Activity: The response should be the records below, repeated exactly, with each picture left out.

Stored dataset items
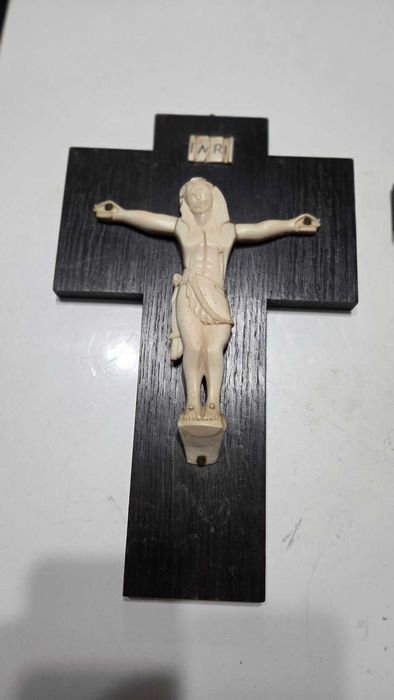 Lot de 2 crucifixuri din os si lemn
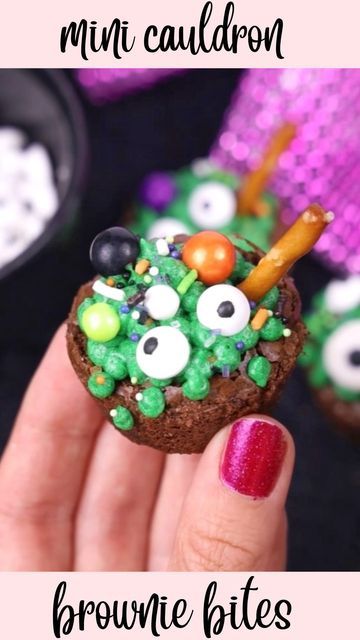 Green Buttercream, Mini Brownie Bites, Halloween Bunco, Caramel Squares, Fun Halloween Ideas, Halloween Brownies, Dessert Holiday, Mini Brownies, Witches Broom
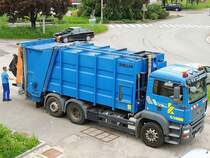 MAN TGA26.320 bei der Entleerung eines Müllcontainer; 150515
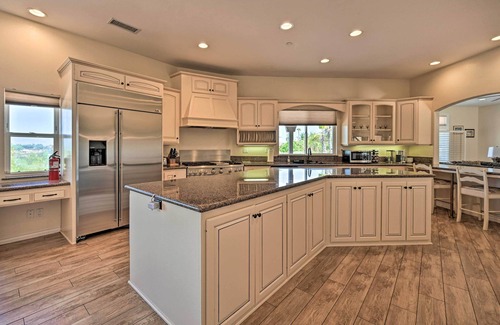 Vista House | Luxe Vista Getaway w/Private Pool & Hot Tub!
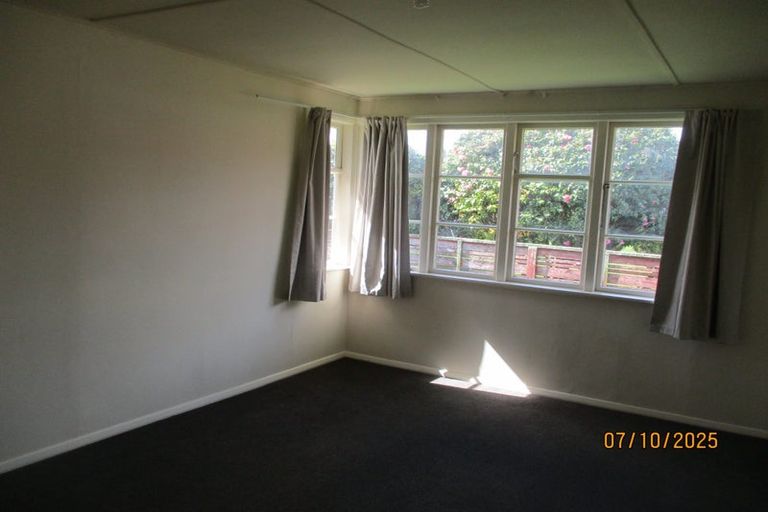 Photo of property in 1086 High Street, Taita, Lower Hutt, 5011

Solution:
 Lot de 2 crucifixuri din os si lemn
 Green Buttercream, Mini Brownie Bites, Halloween Bunco, Caramel Squares, Fun Halloween Ideas, Halloween Brownies, Dessert Holiday, Mini Brownies, Witches Broom
 MAN TGA26.320 bei der Entleerung eines Müllcontainer; 150515
 Vista House | Luxe Vista Getaway w/Private Pool & Hot Tub!
 Photo of property in 1086 High Street, Taita, Lower Hutt, 5011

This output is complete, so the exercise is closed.